Directions:
In the entries below, find the line with "Cleopatra Silver Link" and the line with "Shoei Integraalhelm met"; reproduce those two lines and all lines between them exactly, without pictures.

Data excerpts:
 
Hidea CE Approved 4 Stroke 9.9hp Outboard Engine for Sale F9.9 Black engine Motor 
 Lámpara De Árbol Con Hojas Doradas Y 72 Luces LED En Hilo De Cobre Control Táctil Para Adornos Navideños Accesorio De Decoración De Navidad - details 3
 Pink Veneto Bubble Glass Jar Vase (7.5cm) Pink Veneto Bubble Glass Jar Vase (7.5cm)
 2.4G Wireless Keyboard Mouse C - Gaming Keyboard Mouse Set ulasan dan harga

---

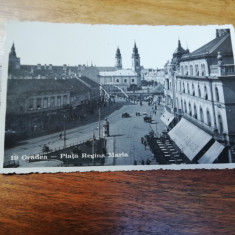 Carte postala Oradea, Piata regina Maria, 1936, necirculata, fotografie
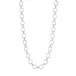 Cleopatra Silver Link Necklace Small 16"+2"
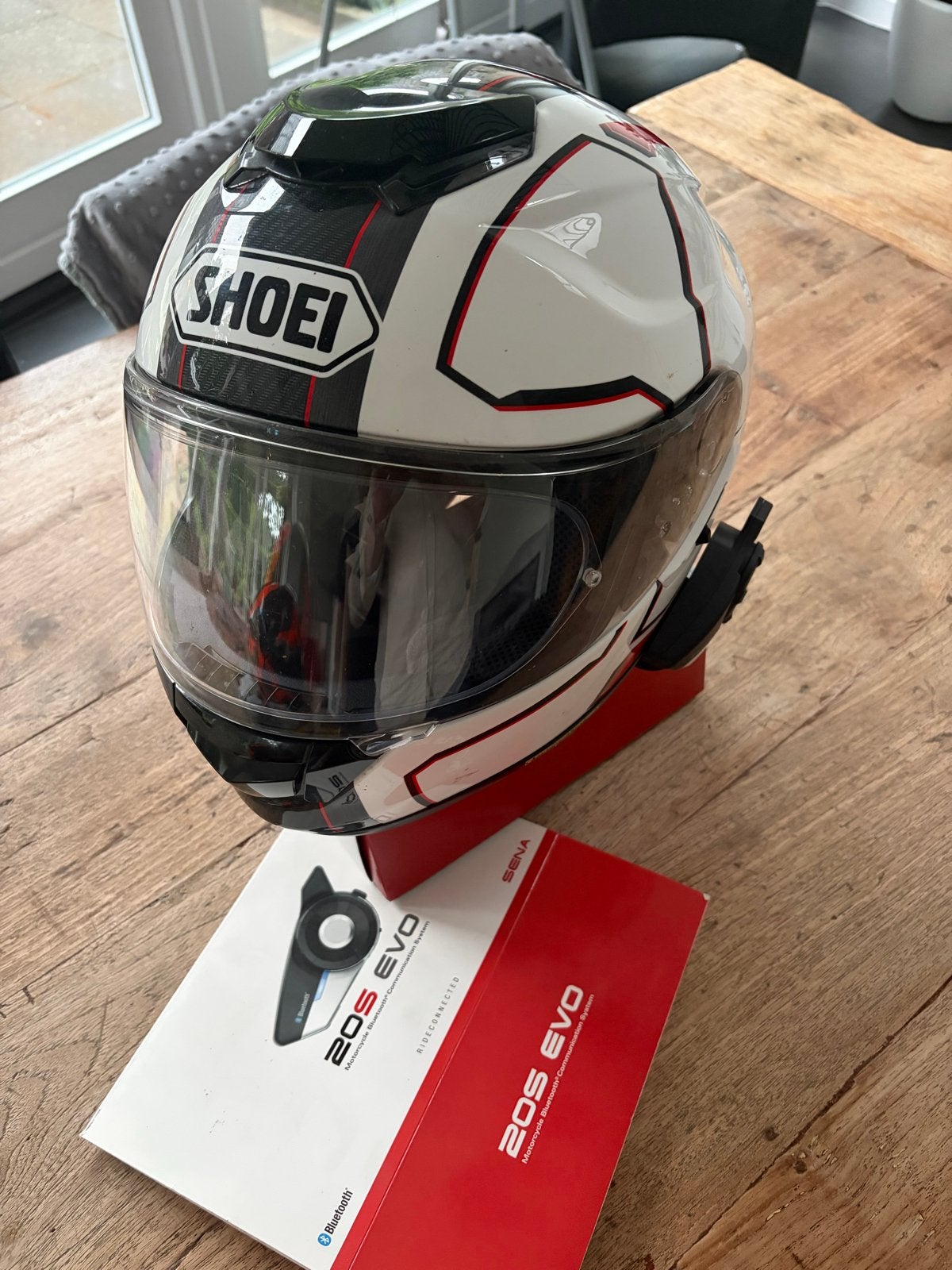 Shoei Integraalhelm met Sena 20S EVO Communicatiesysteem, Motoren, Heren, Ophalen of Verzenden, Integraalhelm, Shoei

Task answer:
 Cleopatra Silver Link Necklace Small 16"+2"
 Shoei Integraalhelm met Sena 20S EVO Communicatiesysteem, Motoren, Heren, Ophalen of Verzenden, Integraalhelm, Shoei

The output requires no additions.